My bellyaching was premature.

Just a few days ago, I wondered why growth stocks aren't declaring stock splits anymore. Instead of going for zero-sum 3-for-1, 2-for-1, or even 3-for-2 maneuvers, many Wall Street darlings seemed perfectly complacent to see their share prices climb well into the triple digits.

"Share prices are the new badges," I wrote at the time. The same peer-pressure forces that drove companies to split during the 1990s now prop up share prices.

Well, that may change. Two of the market's recession-bucking growth stocks declared stock splits late last week:

  • Baidu (Nasdaq: BIDU), China's leading search engine, will execute what is essentially a 10-for-1 split on its stateside trading shares.
  • Green Mountain Coffee Roasters (Nasdaq: GMCR) is opting for a 3-for-1 exchange to get the Keurig specialist's shares back into $20s.

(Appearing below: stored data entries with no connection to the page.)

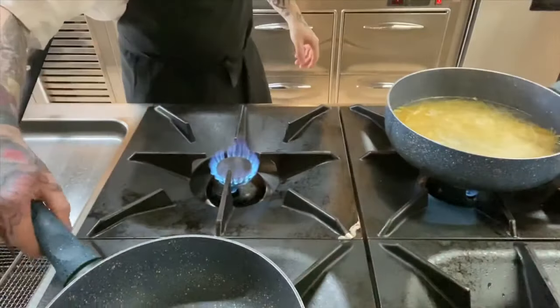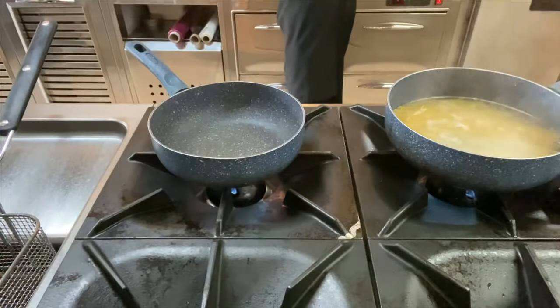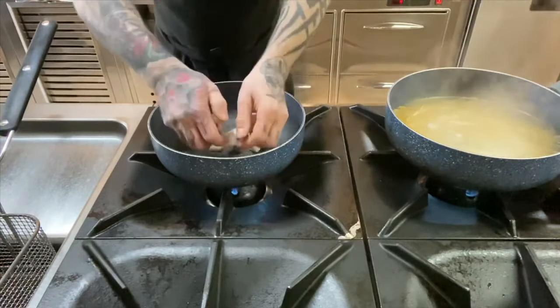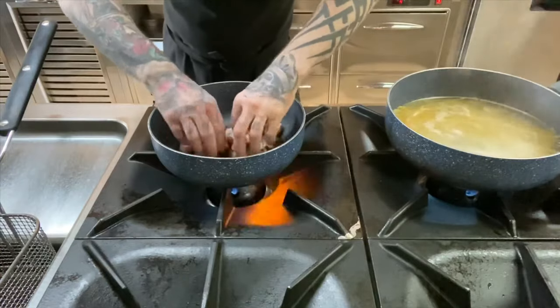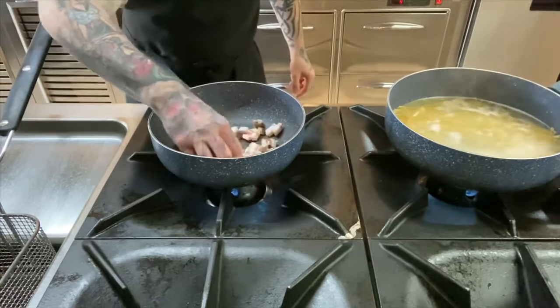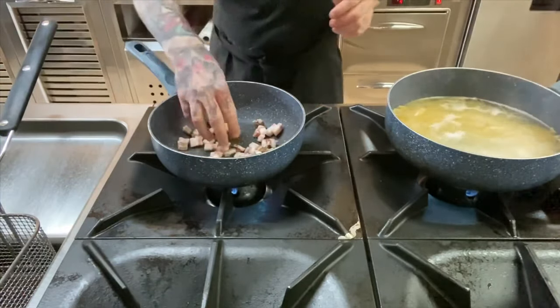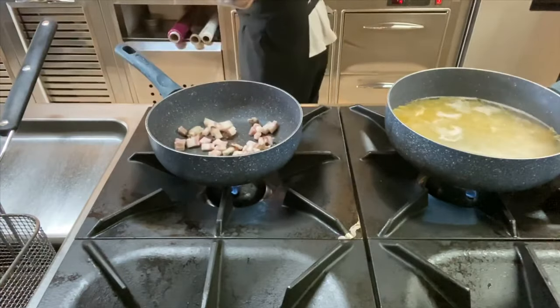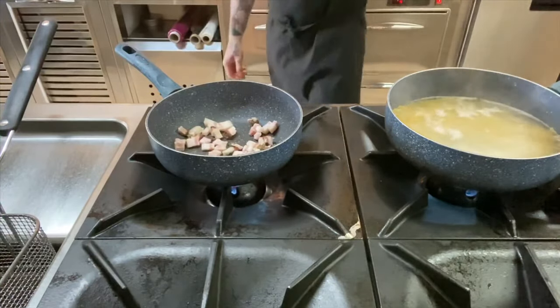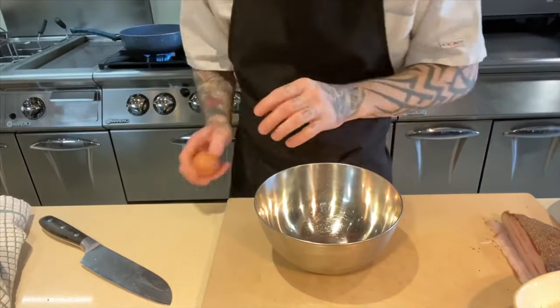We're going to start our pan off cold because we want to render all the fat out. When the guanciale goes into the pan cold and renders all the fat out, we're going to get a nice golden color. Just when it starts to sizzle and the fat starts coming out, that's when we add the garlic in. It shouldn't take too long to heat up.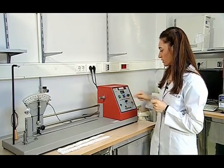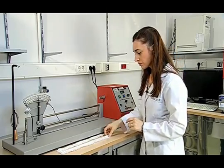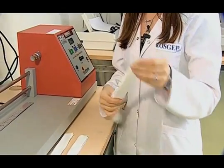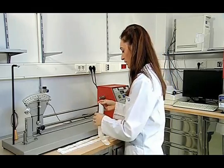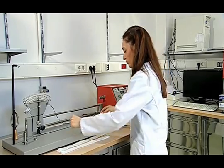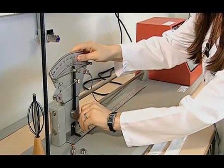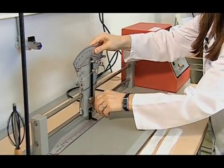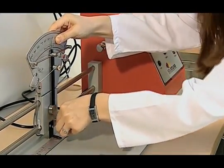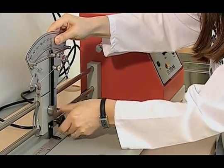Therefore, we set our device to Z twist. Then the test is applied on the sample. In the yarn twist taken out from the fabric, we should not take out the yarn before the test, because an opened twist will fail the test. The test area is prepared in accordance with 20 cm long samples. When it comes to exactly 20 cm, we fasten it.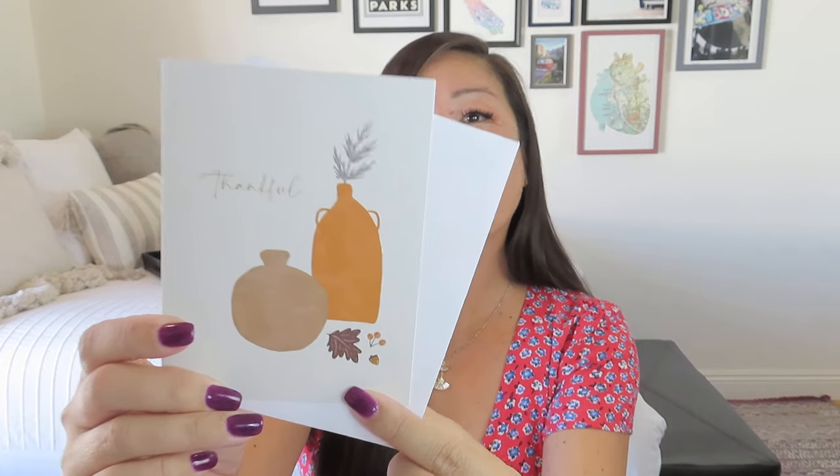Let's talk about everything we got in this lovely October box from Anchor of Hope. We got our leather luggage tag, handmade in Haiti. We got our woven wicker planter, handmade in Costa Rica — it's about three inches across, tiny, but you could definitely fit a little plant in there. And then we got our set of four greeting cards with this beautiful image. I think it's lovely with the little acorns and the vases.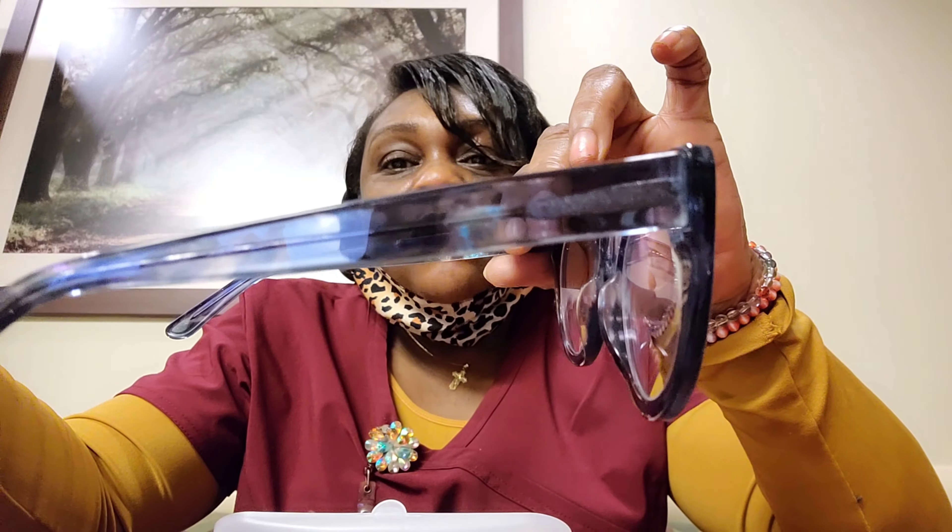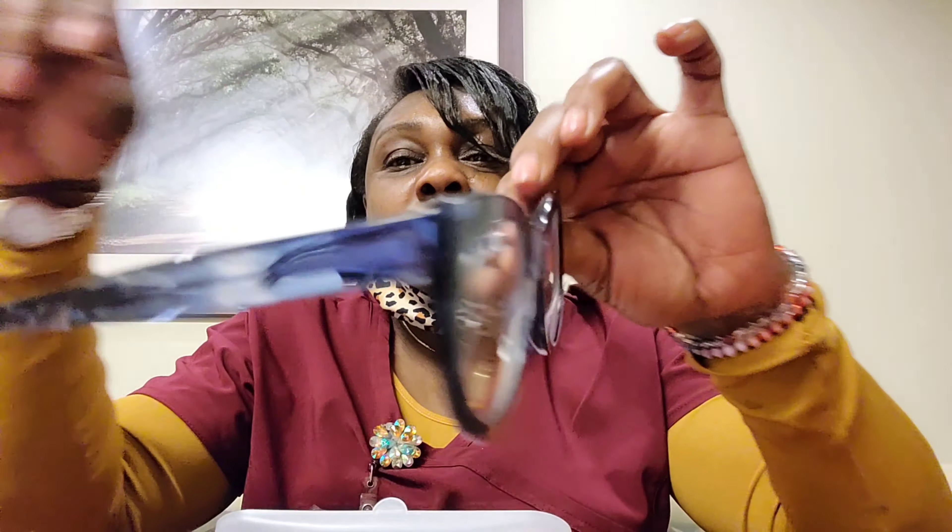These are called the starry cat eye glasses and they have little flakes of blue and white in them. I can't really describe it, but it's almost like a camouflage of blue and white, but they're cute.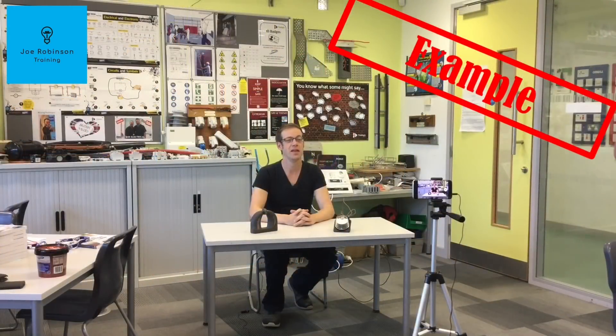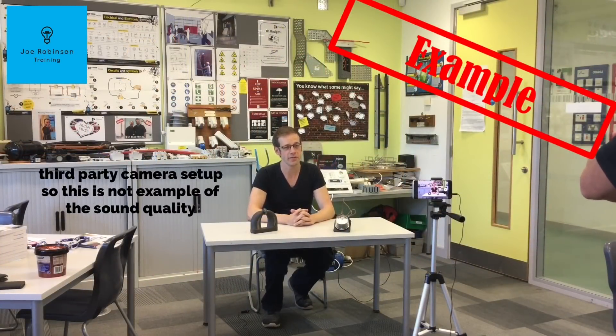Our audience has asked us to further develop another aspect of teaching. Everybody's been asking for more information on the science and principles units for the electrical qualifications, so we've been busy developing material for our channel, Joe Robinson Training, which is currently live. In this video, we're going to be considering the principle of electromagnetic induction.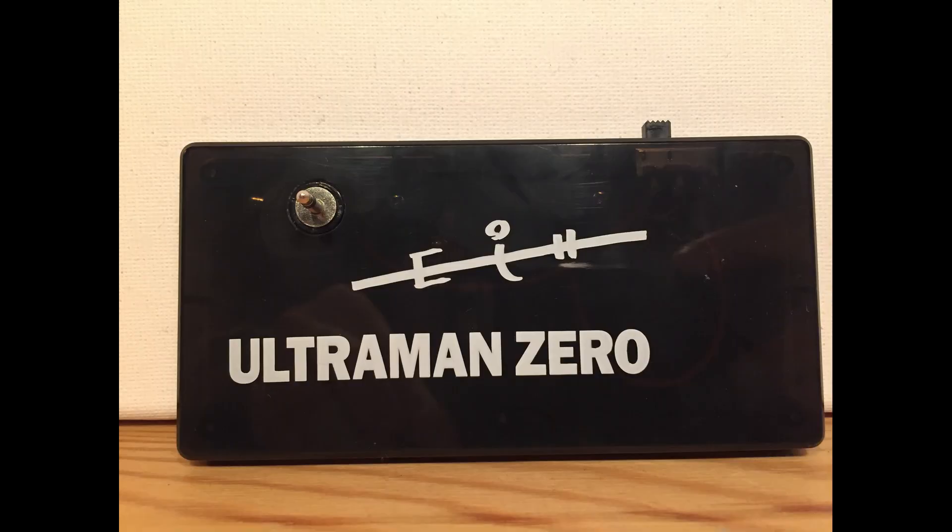While not technically an accessory, Zero comes with a battery stand. Zero can stand without it but he's pretty wobbly. It takes up a bit more space, but I — and I think anyone would — like to display him lit up. The stand itself requires two LR44 batteries to power the light. Printed on the stand we have the Ultraman Zero label and his ultra sign.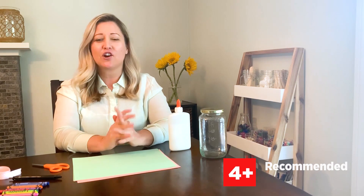The craft we're going to make is a jar full of 10 things you love about your mom. Handmade gifts are the absolute best. I know she's going to love this. So let's get started.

Both companies declared their splitting intentions after delivering healthy growth in their latest quarters -- though Green Mountain's shares took a hit on its weak outlook for the current quarter.

Will this one-two punch open the floodgates of other growth darlings that have thus far resisted the urge to split? Even if splits are little more than psychological tactics, they may be about to pick up some serious steam.

Let's handicap the odds on other companies following suit.

Company

Probability

Reason

Netflix (Nasdaq: NFLX)

High

Declared a 2-for-1 split the last time its stock was nearly this high, six years ago. A 3-for-1 makes sense here.

Apple (Nasdaq: AAPL)

Moderate

Has historically split as it approaches triple digits, but it seems to be reinventing its strategy now that the price is roughly three times higher than its typical split point.

Google (Nasdaq: GOOG)

Low

When you price your IPO at $85, you're clearly not pricing for illusion. However, watching the higher-priced Baidu split may give it a reason to reconsider.

priceline.com (Nasdaq: PCLN)

High

The travel portal has clearly overcome its 2003 1-for-6 reverse split. A 6-for-1 forward split would be poetic, and still price the stock at a premium to its rivals.

Traditional stock splits haven't been very popular in recent years. But that sentiment should change now that some of the cool kids are doing it.

What do you think of stock splits? Share your thoughts in the comment box below.

Baidu, Green Mountain Coffee Roasters, and Google are Motley Fool Rule Breakers selections. Apple, Netflix, and priceline.com are Motley Fool Stock Advisor picks. Try any of our Foolish newsletter services free for 30 days

Longtime Fool contributor Rick Munarriz would prefer stock splits to splitting headaches. He does own shares in Netflix. He is also part of the Rule Breakers newsletter research team, seeking out tomorrow's ultimate growth stocks a day early. The Fool has a disclosure policy.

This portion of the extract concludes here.